• _Your task_: The part to set down runs from the first line of the data below through the line with "kitchen with dark", inclusive; write it exactly and leave out the pictures.

• _Data segment_:
===============

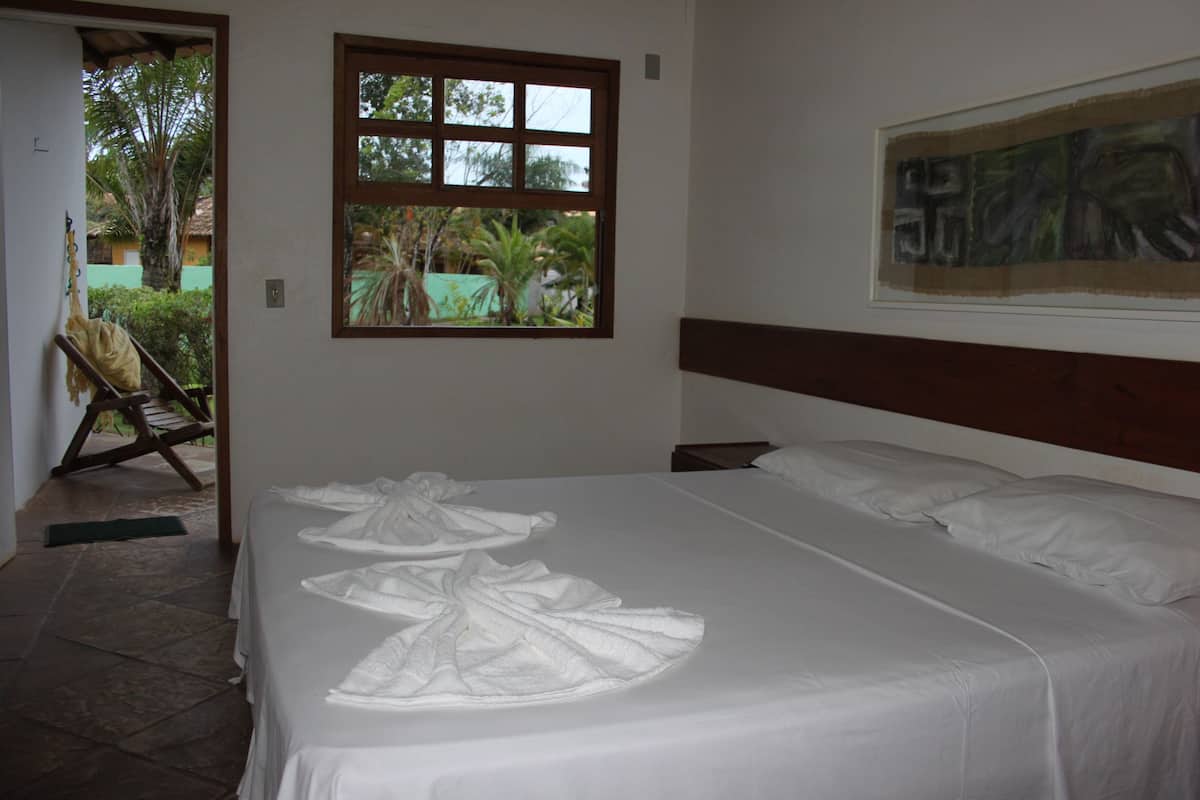 A hotel room with a large bed, a window with a view of palm trees, and a painting on the wall.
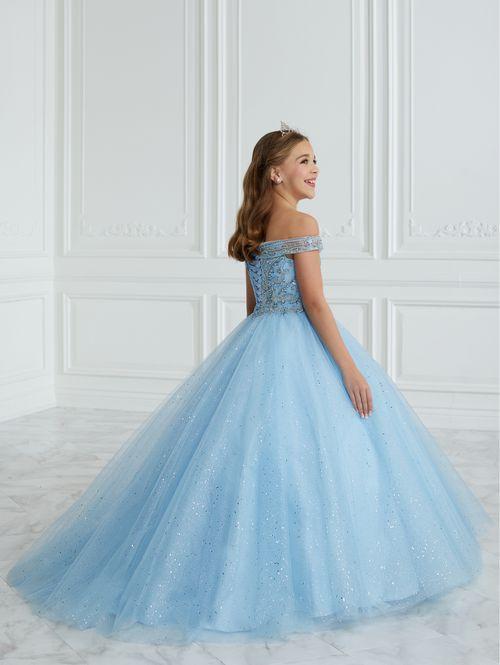 This Tiffany Princess pageant dress Style 13677 features a stunning A-line design with intricate beading and glitter details. The tulle ball gown is completed with delicate off the shoulder neckline accented by bows for added elegance. Perfect for formal events, this dress will make your little girl feel like a princess. Corset Back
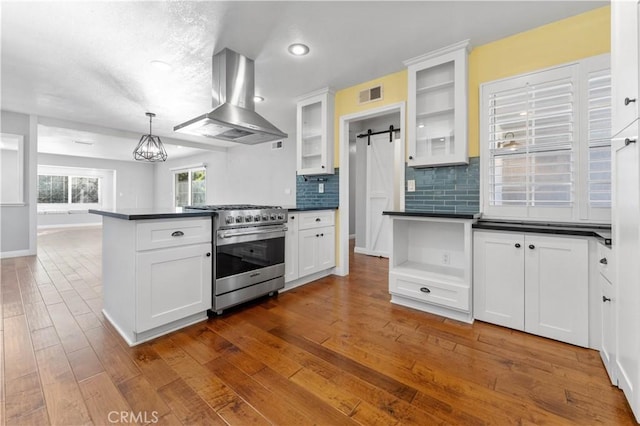 kitchen with dark countertops, high end stainless steel range oven, dark wood-type flooring, white cabinetry, and ventilation hood
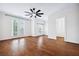 Bright main bedroom features hardwood floors, ceiling fan, and French doors at 5139 Peachtree Road, Chamblee, GA 30341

===============

• _Problem solution_:
 A hotel room with a large bed, a window with a view of palm trees, and a painting on the wall.
 This Tiffany Princess pageant dress Style 13677 features a stunning A-line design with intricate beading and glitter details. The tulle ball gown is completed with delicate off the shoulder neckline accented by bows for added elegance. Perfect for formal events, this dress will make your little girl feel like a princess. Corset Back
 kitchen with dark countertops, high end stainless steel range oven, dark wood-type flooring, white cabinetry, and ventilation hood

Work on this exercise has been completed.